Hollywood in Vienna was an utterly fantastic event which took place on October 3rd and 4th, 2013 in the city of classical music: Vienna, Austria. Composer David Newman conducted the ORF Vienna Radio-Symphony Orchestra as this talented group of musicians paid tribute to Horner by performing selections from Star Trek: The Wrath of Khan, Avatar, Titanic, The Amazing Spider-Man, Willow, A Beautiful Mind, Apollo 13, Aliens, The Mask of Zorro, The Rocketeer. Singer Deborah Cox and pianist/singer Jeremy Schonfeld even dazzled the audience with renditions of “Somewhere Out There” from An American Tail and “If We Hold On Together” from The Land Before Time. In addition, Geza Frank provided some Irish flavor with a bagpipes performance in honor of Braveheart and soprano Ildikó Raimondi nearly resurrected Titanic with her stunning vocals.

During the concert, Horner was seen wiping away tears, an absolutely beautiful image and profound evidence that his music is very personal and simply powerful. For over three decades, Horner has given us the gift of his art and at the Vienna concert, this brilliant composer’s gift was returned to him. At one point during the evening, Horner was awarded the Max Steiner Film Music Achievement Award by the City of Vienna, a very special accolade and one, the esteemed composer accepted most graciously.
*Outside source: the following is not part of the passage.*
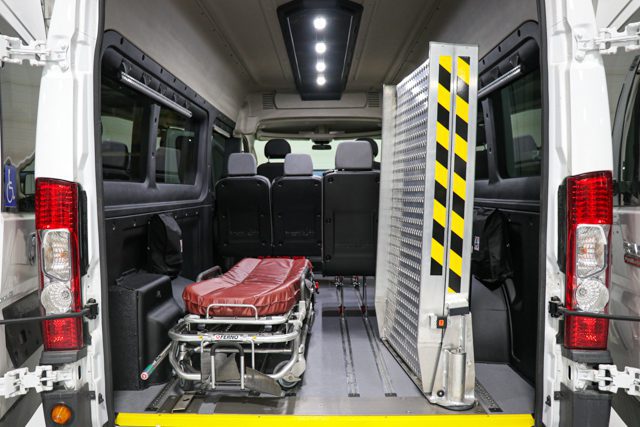 ram promaster with bi fold swinging wheelchair ramp and stretcher secured to floor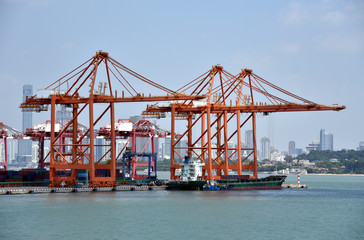 View on the container terminal and gantry cranes loading containers on the cargo ship in the port of Xiamen, China.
The second half of the Blu-ray set is a one-on-one symposium with Horner and Varèse Sarabande music composer Robert Townson. During this segment (which took place at the Max Reinhardt Seminar of the Vienna University of Music), Horner reflects on his impressive career and opens up a bit about his creative process. He also answers questions from aspiring composers in the audience. Also worth noting is that this is where Horner’s father, Harry Horner, studied stage design and would later win two Academy Awards (the apple doesn’t fall far from the tree).

Finishing up the Blu-ray is a bittersweet “In Memoriam Featurette”, where we get a final dose of Horner magic with more concert footage and various titles of Horner-scored films flashing on the screen. It is a strong conclusion to a strong Blu-ray edition. Die hard Horner fans will eat this Blu-ray set up and casual admirers will probably gain a new appreciation for the film composer’s work. All in all, this is one tribute that will stand the test of time.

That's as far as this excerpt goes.